When we approach the Summit of Hope Pass, we continue listening to Thunder and raining from time to time. I all thought that the storm had passed and we could cross safely, another storm rolled. I was tired of the summit of Monte Elbert and did not want to wet before a very cold night at great altitude. Why walk 3 more miles on a pass exposed in a storm, when we could finish early and do it with good weather with fresh legs and energy?
I found a camp next to an old cabin near the water and prepared my store for the first camp in recent memory. It was just after 5 pm and after establishing itself, the storms and intermittent rain continued until night.
Day 84: 25.8 miles
The highlight: Hope Pass. Lake Ann Pass.
I woke up without an alarm for the first time in quite some time on the road. It seems that we always get up early to overcome the weather, make more miles or both. It was 6:20 am and the sun was coming out to be able to prepare without my lighthouse. I boiled water to prepare matcha tea and ate a pop cake before packing my equipment.

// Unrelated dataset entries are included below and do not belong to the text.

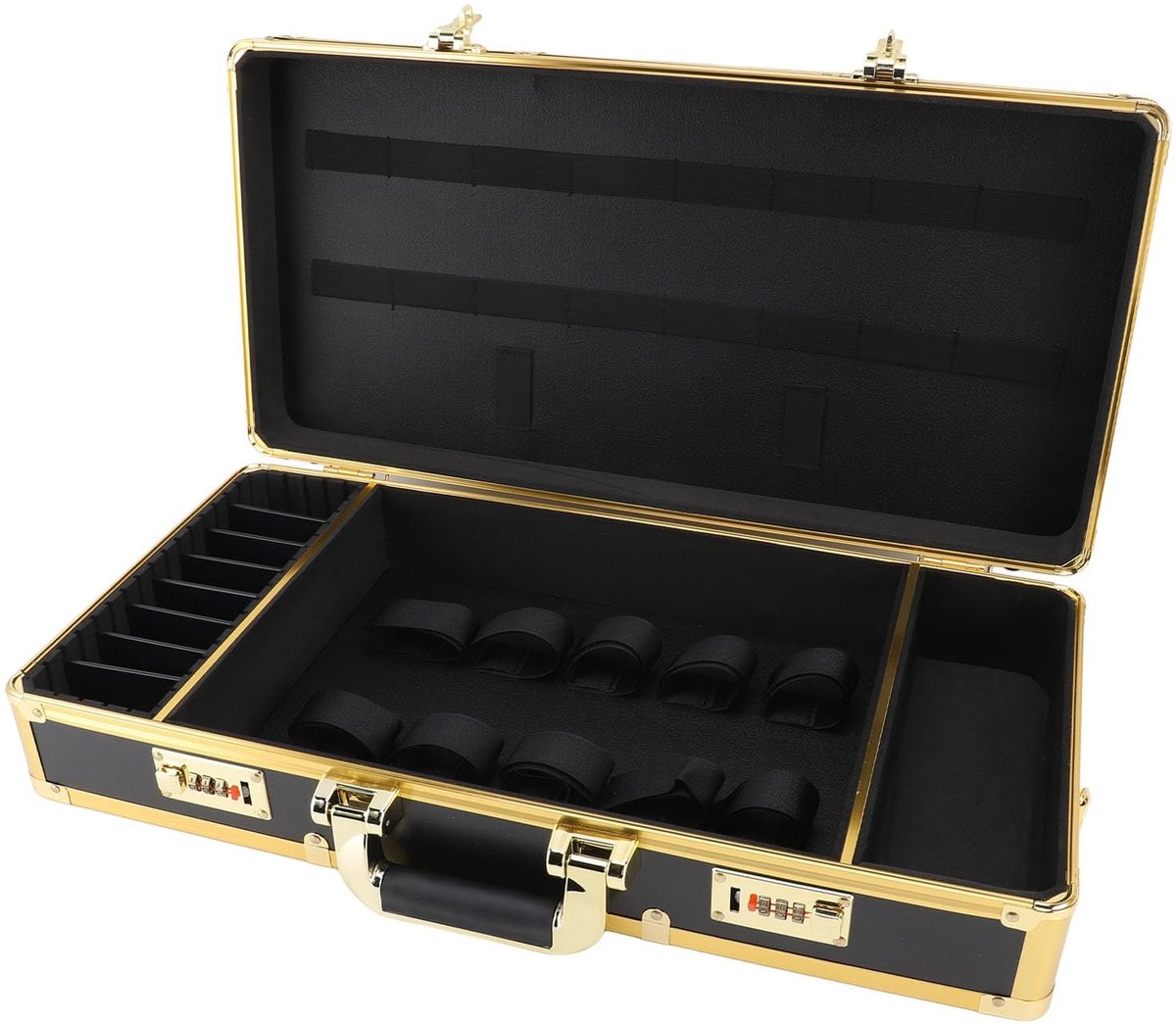 Dailygoods- Barber Supplies Case - Draagbare Organizer - Veiligheidslock - Aluminiumlegering - Brandwerend - Gemakkelijk schoon te maken - Toolbox
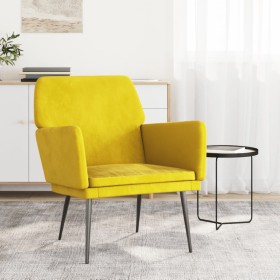 Yellow velvet armchair 62x79x79 cm by vidaXL, Armchairs - Ref: Foro24-351378, Price: 94,99 €, Discount: %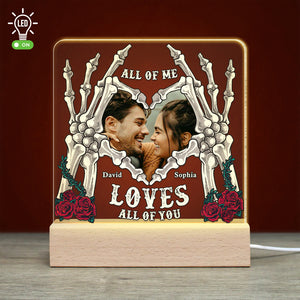 Couple Personalized Led Light Wooden Base - Led Night Light - GoDuckee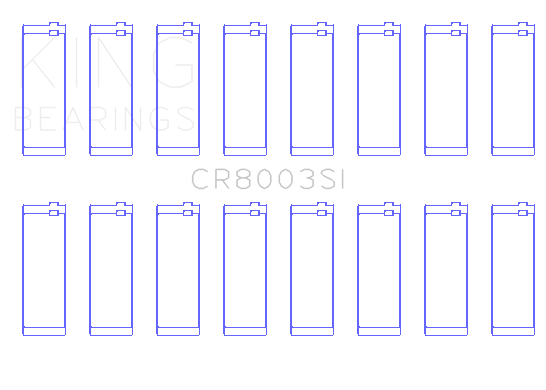 King Engine Bearings Gmc 281 (Size +0.50mm) Connecting Rod Bearing Set - CR8003SI0.5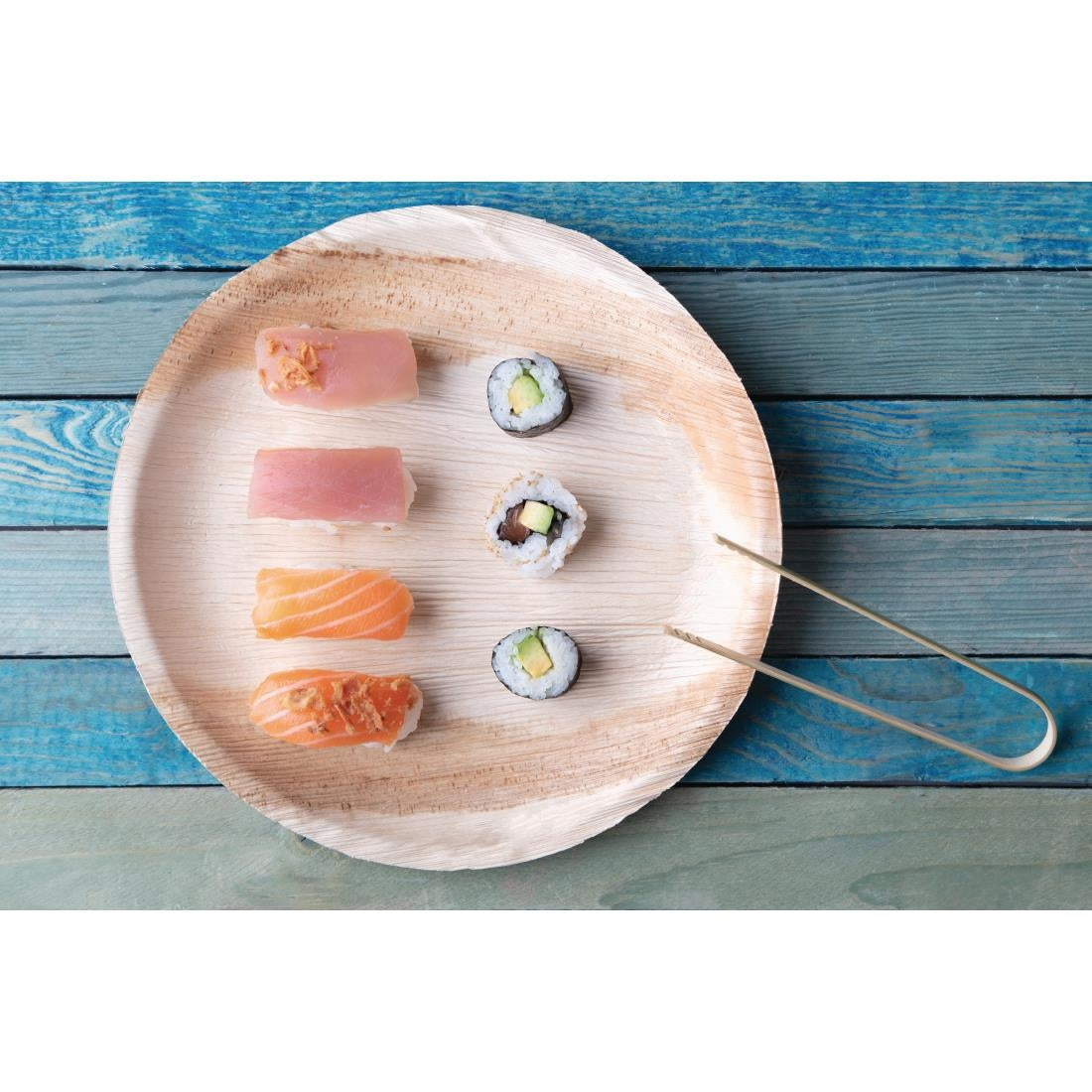 Fiesta Compostable Palm Leaf Plates Round 250mm (100 Pack)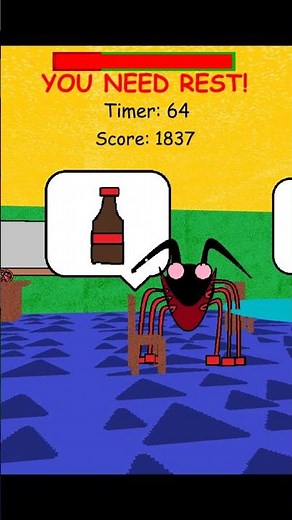 SERVING MONSTERS IN A RESTAURANT (Baldi's Basics)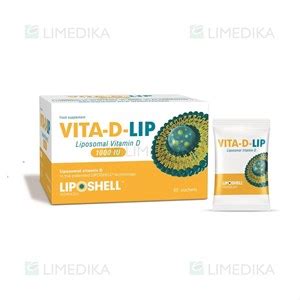 VITA D LIP 1000 Liposominis Vitaminas D 1000 TV 5 Ml 30 Vnt Limedika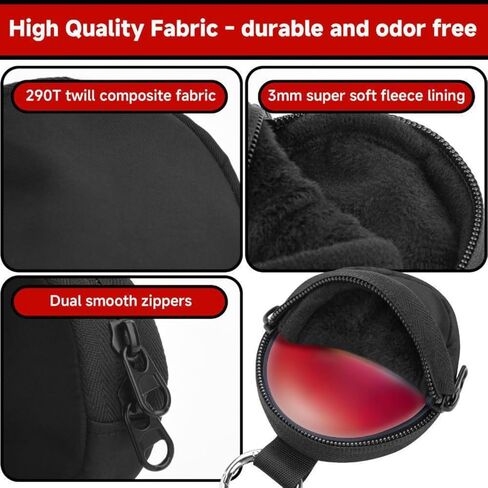 Carrying Case Compatible with Pokémon GO Plus + 2023, Portable Protective Case with Key Ring and Neck Strap, Small Nylon Storage Case for Nintendo Pokemon GO Plus +, Black in Kuwait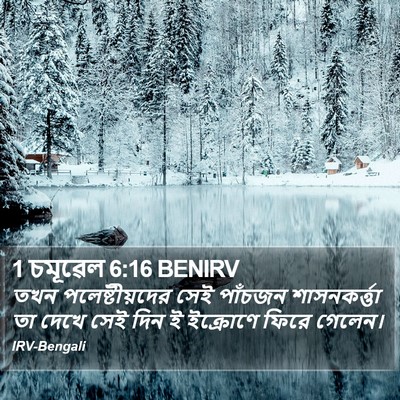 1 চমূৱেল 6:16 BENIRV Bible Verse Image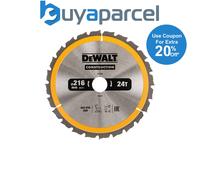 DeWalt Construction Circular Saw Blade 216mm 24T 30mm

There was an ice sheet that covered my store when I went out to pack it. I rolled it and felt how heavy it was with all the ice inside. Not wanting to carry all that extra weight, I unrolled it and shook it before packing it again. Even this second time, there was still some ice and the store did not push its bag. My hands were numb, so I only pushed the tent at the top of my backpack and thought I could dry it in the sun today.
The day began with a climb to hope. I was very happy with the decision to wait for the rain, since I could climb with spikes and snow dust views. From the pass, I descended for several miles before walking up to the second pass for the day, Lake Ann Pass.

Snow -covered approach for the hope of hope
As one assumes that we pass the Alpine lake on our way to the pass. The Pika was very active today and collected food for his hairs. From the pass, I continued on the red line CDT in a newly created part of the path that moved him away from a dirt road and on one track.
At the end of the day, I started my next climb to Cottonwood Pass. I walked until 7 pm and then looked for a camp so that the night was installed before it was dark. Today, midnight left a little in front of me and took an alternative to go to a nearby thermal source at night, so I camped alone and ate in the dark before preparing myself for the bed.